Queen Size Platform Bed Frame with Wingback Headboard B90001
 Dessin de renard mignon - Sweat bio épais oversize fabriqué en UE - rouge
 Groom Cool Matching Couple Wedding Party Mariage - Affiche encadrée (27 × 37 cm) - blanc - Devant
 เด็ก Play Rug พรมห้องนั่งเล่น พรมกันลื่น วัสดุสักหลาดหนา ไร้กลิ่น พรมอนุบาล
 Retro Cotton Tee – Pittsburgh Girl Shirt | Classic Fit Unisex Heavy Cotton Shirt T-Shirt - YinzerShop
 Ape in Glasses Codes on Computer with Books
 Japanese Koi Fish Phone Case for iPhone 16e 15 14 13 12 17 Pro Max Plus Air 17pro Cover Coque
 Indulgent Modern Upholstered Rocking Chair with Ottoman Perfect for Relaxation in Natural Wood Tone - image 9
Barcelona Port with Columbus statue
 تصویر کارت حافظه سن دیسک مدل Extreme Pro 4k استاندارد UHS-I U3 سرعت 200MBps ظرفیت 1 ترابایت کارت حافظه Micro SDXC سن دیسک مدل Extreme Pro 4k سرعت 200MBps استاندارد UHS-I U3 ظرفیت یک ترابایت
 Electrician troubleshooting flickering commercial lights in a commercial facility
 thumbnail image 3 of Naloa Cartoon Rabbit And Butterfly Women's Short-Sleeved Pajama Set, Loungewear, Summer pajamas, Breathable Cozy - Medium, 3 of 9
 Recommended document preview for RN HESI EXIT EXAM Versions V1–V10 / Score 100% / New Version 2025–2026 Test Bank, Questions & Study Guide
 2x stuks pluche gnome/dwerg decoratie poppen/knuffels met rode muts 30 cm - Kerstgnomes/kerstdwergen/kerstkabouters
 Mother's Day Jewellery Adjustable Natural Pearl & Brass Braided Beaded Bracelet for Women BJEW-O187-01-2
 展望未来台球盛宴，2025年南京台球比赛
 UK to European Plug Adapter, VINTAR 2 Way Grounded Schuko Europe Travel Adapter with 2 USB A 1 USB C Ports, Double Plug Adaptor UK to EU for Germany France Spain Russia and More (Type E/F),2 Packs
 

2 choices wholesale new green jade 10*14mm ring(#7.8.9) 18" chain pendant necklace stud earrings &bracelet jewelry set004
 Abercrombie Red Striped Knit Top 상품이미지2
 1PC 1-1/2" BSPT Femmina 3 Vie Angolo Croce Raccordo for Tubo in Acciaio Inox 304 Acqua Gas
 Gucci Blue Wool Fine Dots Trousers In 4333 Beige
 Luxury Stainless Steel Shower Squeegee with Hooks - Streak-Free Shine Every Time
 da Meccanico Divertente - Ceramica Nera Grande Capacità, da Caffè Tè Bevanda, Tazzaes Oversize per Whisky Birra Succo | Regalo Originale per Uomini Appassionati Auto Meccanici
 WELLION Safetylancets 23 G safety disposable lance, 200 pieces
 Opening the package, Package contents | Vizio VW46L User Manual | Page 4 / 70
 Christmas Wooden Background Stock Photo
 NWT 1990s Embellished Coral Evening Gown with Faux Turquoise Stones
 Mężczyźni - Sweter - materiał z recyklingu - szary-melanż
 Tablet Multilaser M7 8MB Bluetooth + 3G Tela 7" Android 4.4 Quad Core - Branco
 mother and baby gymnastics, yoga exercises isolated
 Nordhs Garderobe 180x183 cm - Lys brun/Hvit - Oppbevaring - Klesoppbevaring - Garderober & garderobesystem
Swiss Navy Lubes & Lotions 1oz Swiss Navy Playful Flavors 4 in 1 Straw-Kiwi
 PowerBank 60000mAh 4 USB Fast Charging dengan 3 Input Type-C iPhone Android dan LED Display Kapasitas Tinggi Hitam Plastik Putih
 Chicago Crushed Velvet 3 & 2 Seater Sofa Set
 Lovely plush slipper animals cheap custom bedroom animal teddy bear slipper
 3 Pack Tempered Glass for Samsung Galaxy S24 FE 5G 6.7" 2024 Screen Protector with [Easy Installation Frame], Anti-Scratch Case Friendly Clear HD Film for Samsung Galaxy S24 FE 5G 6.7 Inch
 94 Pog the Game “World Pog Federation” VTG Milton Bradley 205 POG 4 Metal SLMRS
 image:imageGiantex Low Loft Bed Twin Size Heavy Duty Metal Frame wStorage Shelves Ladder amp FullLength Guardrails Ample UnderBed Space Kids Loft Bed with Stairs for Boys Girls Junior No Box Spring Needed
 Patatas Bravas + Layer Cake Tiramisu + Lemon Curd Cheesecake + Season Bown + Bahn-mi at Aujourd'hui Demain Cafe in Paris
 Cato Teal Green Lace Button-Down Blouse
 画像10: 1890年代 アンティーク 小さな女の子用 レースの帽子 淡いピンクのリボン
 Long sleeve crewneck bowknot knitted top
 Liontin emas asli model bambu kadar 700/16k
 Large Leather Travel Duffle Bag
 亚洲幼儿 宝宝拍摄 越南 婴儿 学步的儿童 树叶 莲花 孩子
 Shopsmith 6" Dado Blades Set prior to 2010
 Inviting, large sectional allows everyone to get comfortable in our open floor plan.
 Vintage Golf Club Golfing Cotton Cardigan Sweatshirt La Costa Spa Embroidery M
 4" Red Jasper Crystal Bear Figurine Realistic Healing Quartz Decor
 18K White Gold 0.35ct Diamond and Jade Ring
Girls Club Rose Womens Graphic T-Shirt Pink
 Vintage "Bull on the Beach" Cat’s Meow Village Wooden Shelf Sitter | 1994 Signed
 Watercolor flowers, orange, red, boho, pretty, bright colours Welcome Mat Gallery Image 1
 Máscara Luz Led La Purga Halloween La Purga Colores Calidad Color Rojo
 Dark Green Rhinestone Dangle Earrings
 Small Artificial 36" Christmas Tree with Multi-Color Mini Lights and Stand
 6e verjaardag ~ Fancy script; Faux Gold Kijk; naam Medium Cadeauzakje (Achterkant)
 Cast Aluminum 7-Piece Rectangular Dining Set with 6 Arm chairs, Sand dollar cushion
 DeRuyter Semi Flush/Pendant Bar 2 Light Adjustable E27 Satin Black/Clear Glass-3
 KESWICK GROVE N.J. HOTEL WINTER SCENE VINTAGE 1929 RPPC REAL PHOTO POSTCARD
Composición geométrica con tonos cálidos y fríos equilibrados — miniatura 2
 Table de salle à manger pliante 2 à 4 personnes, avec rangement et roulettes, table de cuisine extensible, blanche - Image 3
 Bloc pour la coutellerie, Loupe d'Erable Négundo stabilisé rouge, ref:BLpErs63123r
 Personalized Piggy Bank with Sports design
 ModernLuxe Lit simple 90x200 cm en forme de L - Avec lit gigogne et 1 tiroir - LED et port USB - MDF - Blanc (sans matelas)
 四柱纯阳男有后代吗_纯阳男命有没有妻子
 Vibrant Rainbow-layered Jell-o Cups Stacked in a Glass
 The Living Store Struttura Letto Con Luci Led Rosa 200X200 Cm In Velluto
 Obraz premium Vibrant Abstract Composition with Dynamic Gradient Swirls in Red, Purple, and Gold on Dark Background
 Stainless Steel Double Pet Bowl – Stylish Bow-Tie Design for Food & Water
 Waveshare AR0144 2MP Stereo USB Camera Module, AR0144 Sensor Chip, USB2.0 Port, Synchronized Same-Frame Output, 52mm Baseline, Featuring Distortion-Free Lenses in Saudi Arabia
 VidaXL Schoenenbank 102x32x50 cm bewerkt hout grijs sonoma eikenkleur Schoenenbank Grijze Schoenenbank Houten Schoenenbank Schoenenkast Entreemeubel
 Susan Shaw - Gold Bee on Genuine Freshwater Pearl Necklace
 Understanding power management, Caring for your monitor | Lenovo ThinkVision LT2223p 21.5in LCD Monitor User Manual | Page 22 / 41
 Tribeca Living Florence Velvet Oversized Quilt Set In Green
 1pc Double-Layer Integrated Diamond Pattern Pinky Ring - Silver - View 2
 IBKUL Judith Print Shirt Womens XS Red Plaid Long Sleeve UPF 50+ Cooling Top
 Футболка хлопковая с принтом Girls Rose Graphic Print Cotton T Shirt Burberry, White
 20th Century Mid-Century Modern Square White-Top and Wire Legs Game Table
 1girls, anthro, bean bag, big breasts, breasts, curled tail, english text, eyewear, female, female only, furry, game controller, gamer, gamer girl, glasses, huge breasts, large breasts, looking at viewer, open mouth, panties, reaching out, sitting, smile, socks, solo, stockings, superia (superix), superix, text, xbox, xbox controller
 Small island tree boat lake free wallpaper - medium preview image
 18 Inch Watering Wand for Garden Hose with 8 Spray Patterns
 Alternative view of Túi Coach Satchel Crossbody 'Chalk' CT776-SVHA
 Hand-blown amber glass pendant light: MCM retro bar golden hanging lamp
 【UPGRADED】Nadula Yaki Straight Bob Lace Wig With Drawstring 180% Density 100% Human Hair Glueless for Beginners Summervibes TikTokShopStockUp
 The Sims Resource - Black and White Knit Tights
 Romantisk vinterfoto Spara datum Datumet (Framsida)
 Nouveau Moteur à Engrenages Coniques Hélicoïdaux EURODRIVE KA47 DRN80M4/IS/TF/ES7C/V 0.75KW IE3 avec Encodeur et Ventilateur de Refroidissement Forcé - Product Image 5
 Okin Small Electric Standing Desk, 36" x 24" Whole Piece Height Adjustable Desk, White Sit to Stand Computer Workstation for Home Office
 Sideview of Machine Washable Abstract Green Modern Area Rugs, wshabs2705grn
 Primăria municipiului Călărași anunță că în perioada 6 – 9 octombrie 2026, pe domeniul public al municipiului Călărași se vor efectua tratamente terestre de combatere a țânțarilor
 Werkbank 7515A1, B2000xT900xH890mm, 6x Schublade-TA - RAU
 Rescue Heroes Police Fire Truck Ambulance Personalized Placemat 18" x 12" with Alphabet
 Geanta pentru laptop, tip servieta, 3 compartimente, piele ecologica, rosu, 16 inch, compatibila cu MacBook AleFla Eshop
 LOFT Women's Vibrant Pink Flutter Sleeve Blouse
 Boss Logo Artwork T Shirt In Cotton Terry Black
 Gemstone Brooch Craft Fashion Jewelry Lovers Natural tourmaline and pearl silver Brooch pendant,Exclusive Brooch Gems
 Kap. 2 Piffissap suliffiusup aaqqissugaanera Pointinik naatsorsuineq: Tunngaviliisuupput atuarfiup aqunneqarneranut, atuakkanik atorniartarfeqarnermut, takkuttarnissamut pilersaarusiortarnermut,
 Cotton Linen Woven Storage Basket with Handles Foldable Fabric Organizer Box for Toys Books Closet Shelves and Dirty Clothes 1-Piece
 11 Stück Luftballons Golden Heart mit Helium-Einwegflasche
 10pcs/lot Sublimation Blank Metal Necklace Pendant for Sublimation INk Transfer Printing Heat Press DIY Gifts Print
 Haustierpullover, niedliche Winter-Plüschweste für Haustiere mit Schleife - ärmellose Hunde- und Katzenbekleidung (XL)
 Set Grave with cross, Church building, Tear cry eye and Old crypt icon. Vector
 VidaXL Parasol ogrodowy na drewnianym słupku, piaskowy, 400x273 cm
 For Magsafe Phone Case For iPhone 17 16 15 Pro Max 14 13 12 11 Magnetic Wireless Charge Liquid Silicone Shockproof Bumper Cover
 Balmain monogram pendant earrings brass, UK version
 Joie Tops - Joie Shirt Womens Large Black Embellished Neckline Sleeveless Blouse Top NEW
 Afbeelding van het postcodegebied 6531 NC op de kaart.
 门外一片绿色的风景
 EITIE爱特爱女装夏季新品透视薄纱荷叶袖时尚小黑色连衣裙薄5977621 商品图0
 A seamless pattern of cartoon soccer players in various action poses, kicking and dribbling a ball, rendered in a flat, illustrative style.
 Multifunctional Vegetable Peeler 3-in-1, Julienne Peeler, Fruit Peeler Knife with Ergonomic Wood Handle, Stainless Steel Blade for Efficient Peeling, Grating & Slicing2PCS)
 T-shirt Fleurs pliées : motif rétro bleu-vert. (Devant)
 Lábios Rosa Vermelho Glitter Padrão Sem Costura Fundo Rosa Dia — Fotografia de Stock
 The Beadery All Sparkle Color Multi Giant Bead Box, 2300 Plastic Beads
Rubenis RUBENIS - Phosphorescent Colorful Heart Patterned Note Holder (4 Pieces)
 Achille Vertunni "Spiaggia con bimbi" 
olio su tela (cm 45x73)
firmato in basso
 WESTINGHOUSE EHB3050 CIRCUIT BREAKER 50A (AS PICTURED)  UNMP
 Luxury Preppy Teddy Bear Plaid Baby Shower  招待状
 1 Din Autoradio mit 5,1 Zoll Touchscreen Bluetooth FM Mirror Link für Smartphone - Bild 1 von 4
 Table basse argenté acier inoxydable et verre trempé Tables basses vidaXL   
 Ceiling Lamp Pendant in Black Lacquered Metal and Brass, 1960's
::::
**WHAT YOU NEED TO DO**
Give back the entries above exactly as they are, from their first line through the line that contains "UK to European", both included, with nothing else.

**RESULT OF THE EXERCISE**
Queen Size Platform Bed Frame with Wingback Headboard B90001
 Dessin de renard mignon - Sweat bio épais oversize fabriqué en UE - rouge
 Groom Cool Matching Couple Wedding Party Mariage - Affiche encadrée (27 × 37 cm) - blanc - Devant
 เด็ก Play Rug พรมห้องนั่งเล่น พรมกันลื่น วัสดุสักหลาดหนา ไร้กลิ่น พรมอนุบาล
 Retro Cotton Tee – Pittsburgh Girl Shirt | Classic Fit Unisex Heavy Cotton Shirt T-Shirt - YinzerShop
 Ape in Glasses Codes on Computer with Books
 Japanese Koi Fish Phone Case for iPhone 16e 15 14 13 12 17 Pro Max Plus Air 17pro Cover Coque
 Indulgent Modern Upholstered Rocking Chair with Ottoman Perfect for Relaxation in Natural Wood Tone - image 9
Barcelona Port with Columbus statue
 تصویر کارت حافظه سن دیسک مدل Extreme Pro 4k استاندارد UHS-I U3 سرعت 200MBps ظرفیت 1 ترابایت کارت حافظه Micro SDXC سن دیسک مدل Extreme Pro 4k سرعت 200MBps استاندارد UHS-I U3 ظرفیت یک ترابایت
 Electrician troubleshooting flickering commercial lights in a commercial facility
 thumbnail image 3 of Naloa Cartoon Rabbit And Butterfly Women's Short-Sleeved Pajama Set, Loungewear, Summer pajamas, Breathable Cozy - Medium, 3 of 9
 Recommended document preview for RN HESI EXIT EXAM Versions V1–V10 / Score 100% / New Version 2025–2026 Test Bank, Questions & Study Guide
 2x stuks pluche gnome/dwerg decoratie poppen/knuffels met rode muts 30 cm - Kerstgnomes/kerstdwergen/kerstkabouters
 Mother's Day Jewellery Adjustable Natural Pearl & Brass Braided Beaded Bracelet for Women BJEW-O187-01-2
 展望未来台球盛宴，2025年南京台球比赛
 UK to European Plug Adapter, VINTAR 2 Way Grounded Schuko Europe Travel Adapter with 2 USB A 1 USB C Ports, Double Plug Adaptor UK to EU for Germany France Spain Russia and More (Type E/F),2 Packs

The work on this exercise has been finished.